DUHÂN SURESİ TÜRKÇE OKUNUŞU VE TEFSİRİ
Duhân Sûresi Konusu
Allah Teâlâ, hakla bâtılı, haramla helâli belirlemek ve insanları ebedî hüsranla uyarmak üzere Kur’ân-ı Kerîm’i indirmiştir. Onun esas hedefi Allah’ın varlığı, birliği ve sınırsız kudretini kalplere yerleştirerek onları sadece Allah’a kulluğa çağırmaktır. Peygamberler bu davanın en büyük temsilcileridir.

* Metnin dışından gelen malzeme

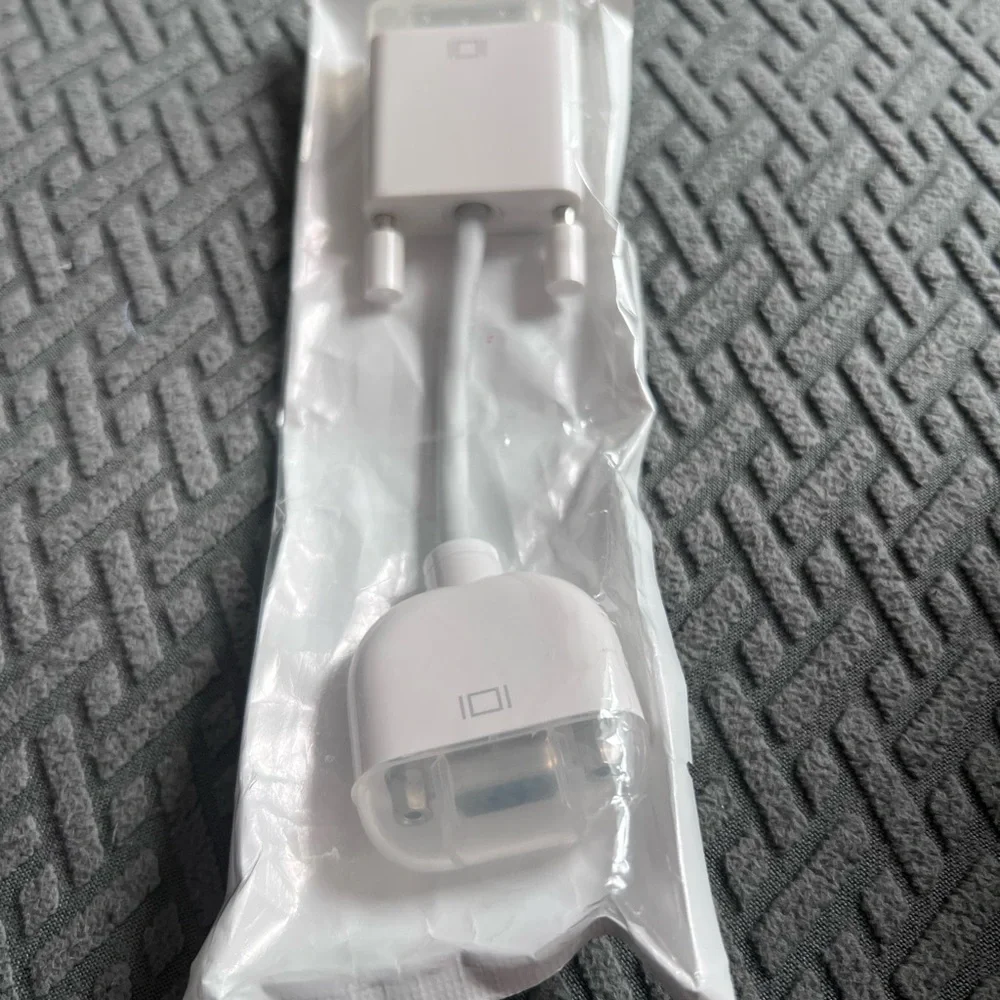 Apple DVI to VGA Display Adapter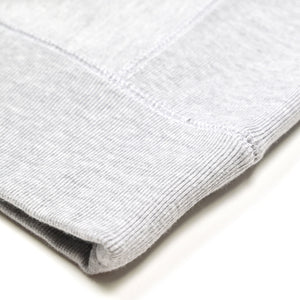 CURSIVE SCRIPT CREWNECK SWEATER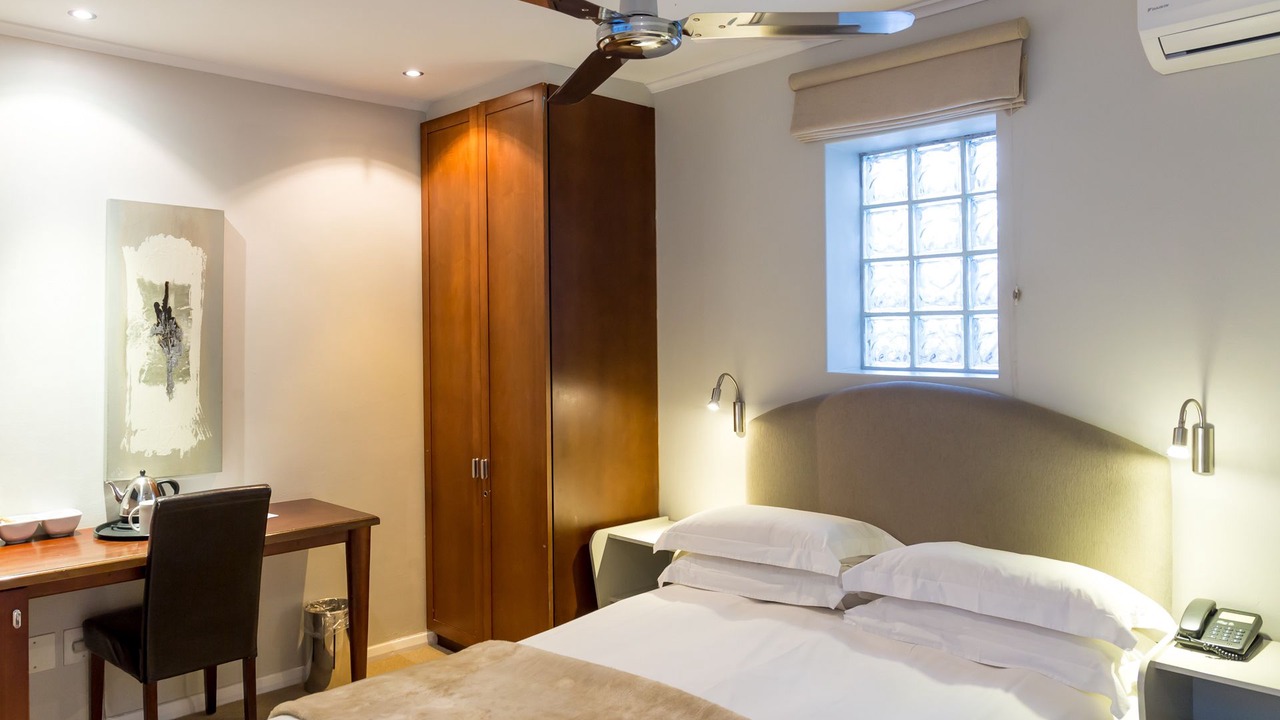 Photo of Bedroom in Three Anchor Bay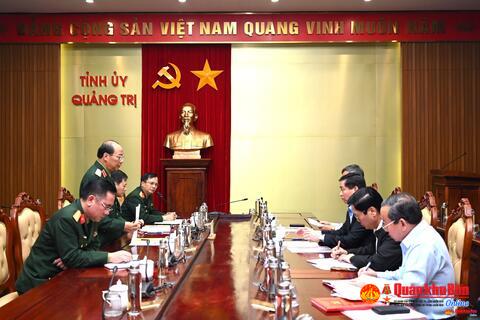 Thường vụ Đảng ủy Quân khu 4 làm việc với Tỉnh ủy Quảng Trị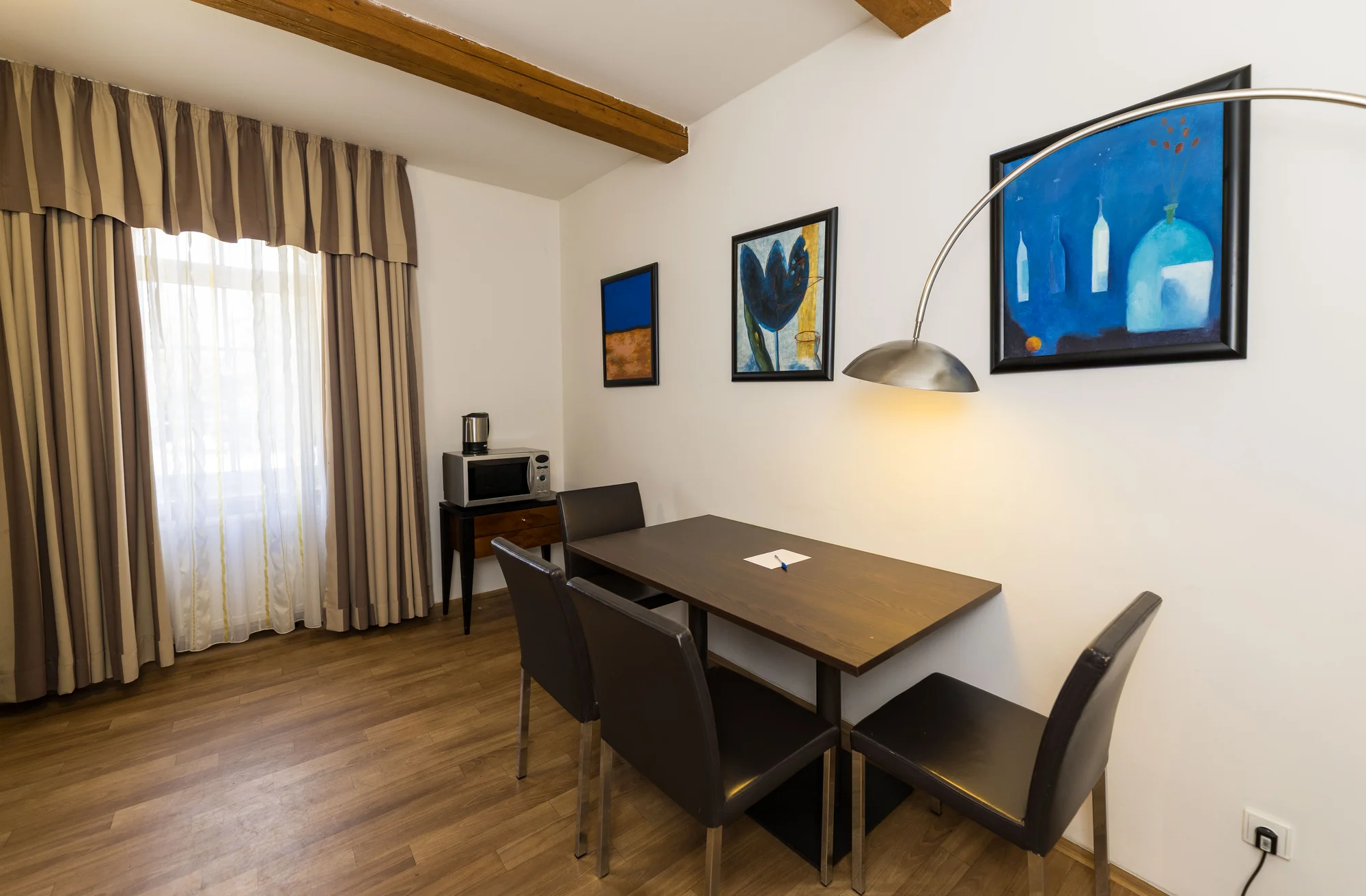 Pohoda 3 km od Karlových Varů až pro 4 osoby: apartmány s kuchyňkou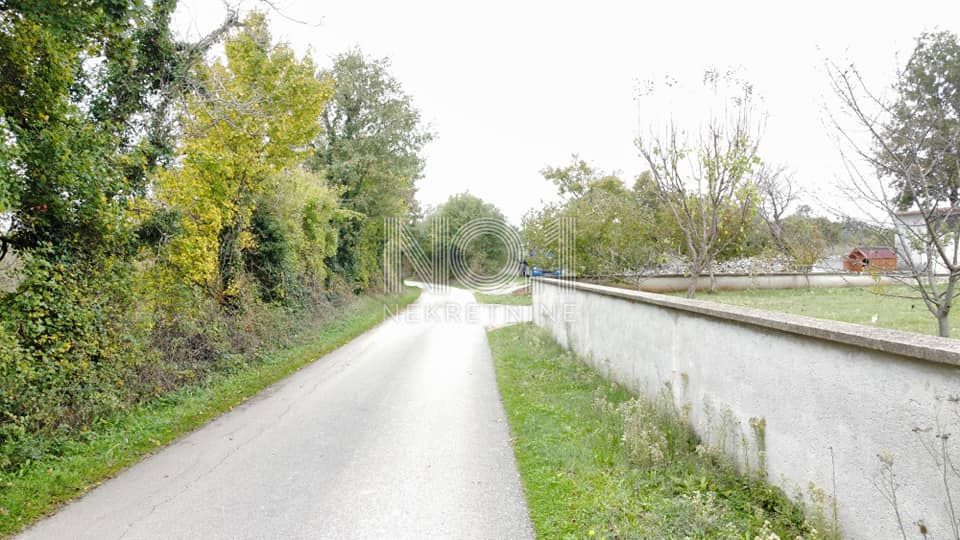 Svetvinčenat - prodaja gradbenih parcel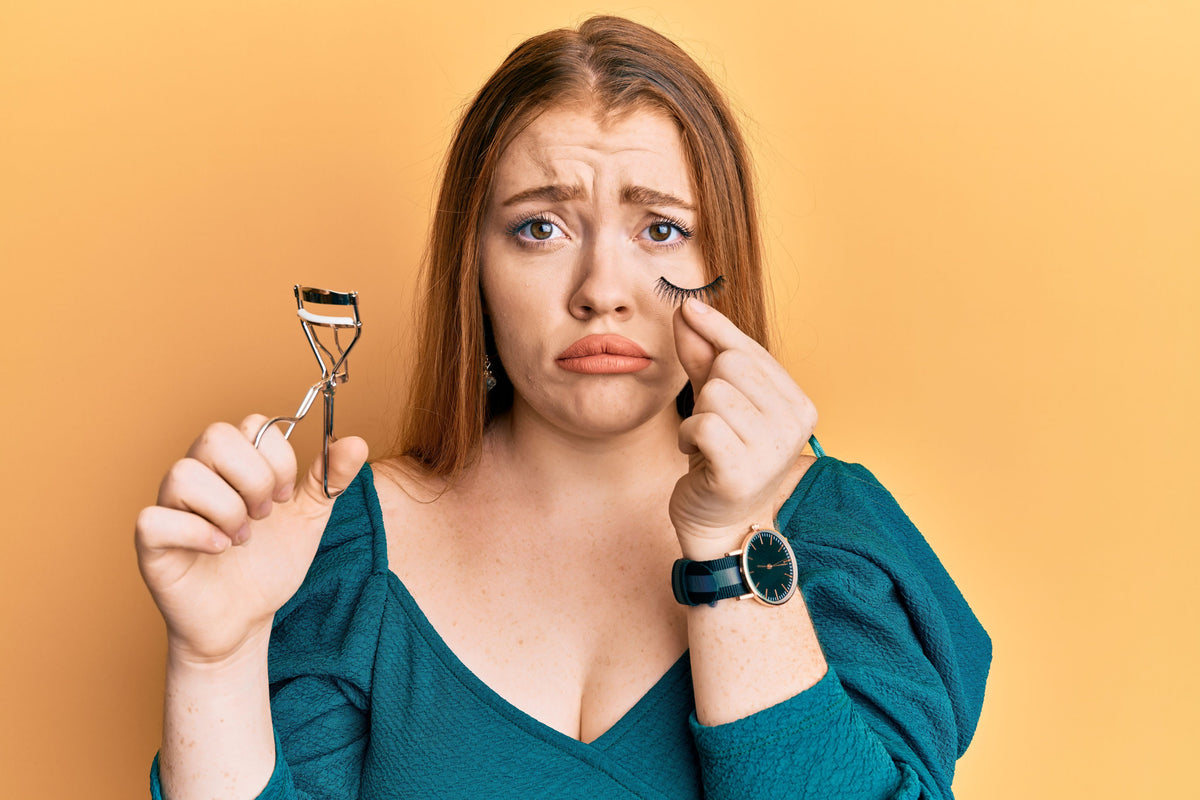 Why Do My Eyelash Extensions Feel Crunchy? Signs of Bad Lash Extensions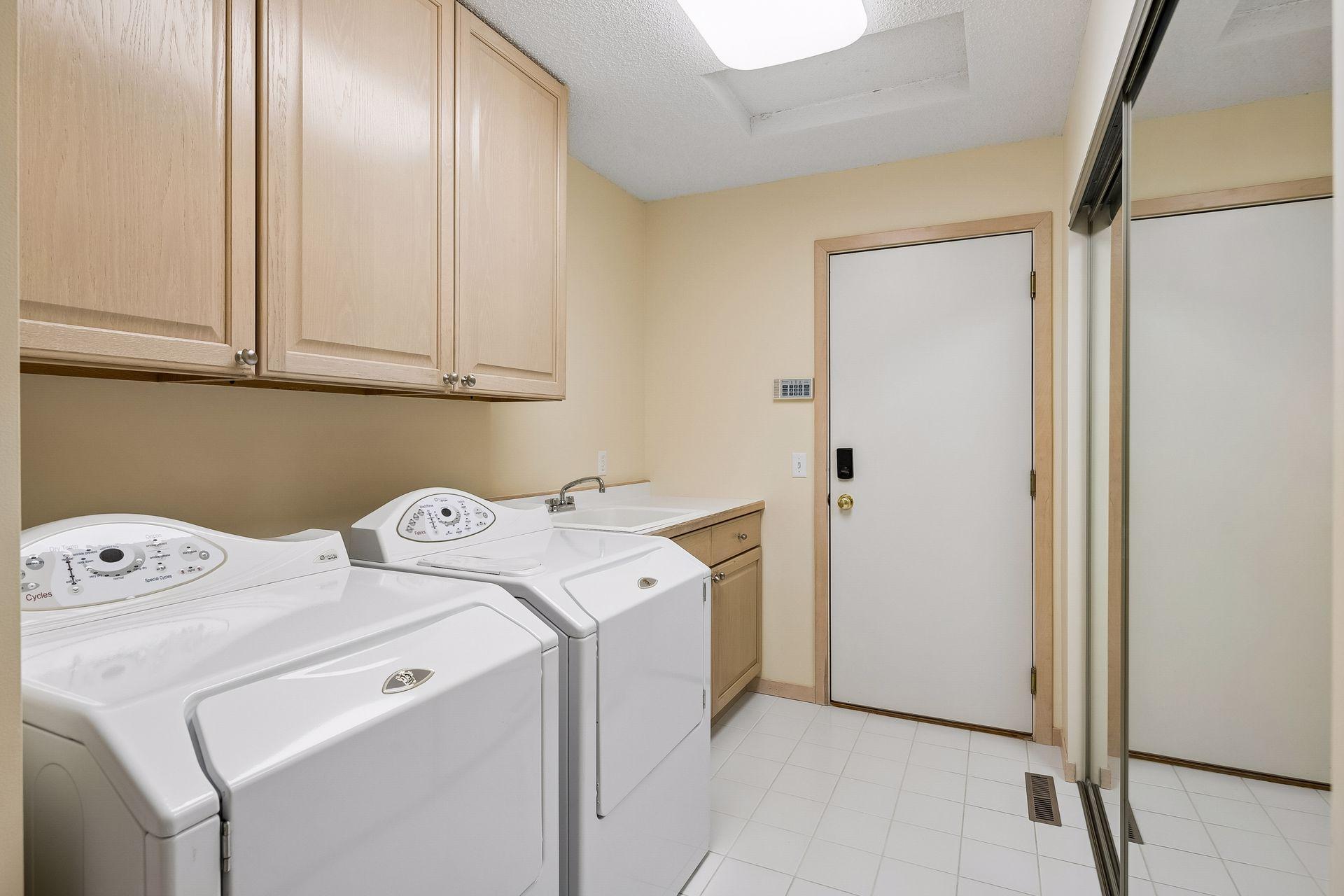7063 Oak Pointe Curve Property Photo 25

Bu sebepledir ki Hz. Mûsâ’nın Firavun’la olan mücâdelesi örnek verilerek İslâm’ın gâlibiyeti ve İslâm düşmanlarının mağlubiyeti müjdelenir. Son olarak peygamberleri reddedenlerin cehennemdeki acı manzaraları, buna karşılık peygamberlerin izinden gidenlerin nimet, huzur ve mutluluk dolu halleri seyrettirilir.
Duhân Sûresi Hakkında
Duhân sûresi Mekke’de nâzil olmuştur. 59 âyettir. İsmini, 10. âyette geçen ve “duman” mânasına gelen اَلدُّخَانُ (duhân) kelimesinden alır. Resmî tertîbe göre 44, iniş sırasına göre 64. sûredir.
DUHAN SURESİNİN TEFSİRİ
1. Hâ. Mîm.
2. Gerçekleri açıklayan bu apaçık kitaba yemin olsun!
3. Biz onu kutlu, şerefli ve bereket yüklü bir gecede indirdik. Şüphesiz biz, ondaki ikaz ve ibret dolu haberlerle insanları uyarıyoruz.
4. O gecede, belli hikmetlere binâen Allah tarafından olmasına karar verilmiş her bir iş belirlenir.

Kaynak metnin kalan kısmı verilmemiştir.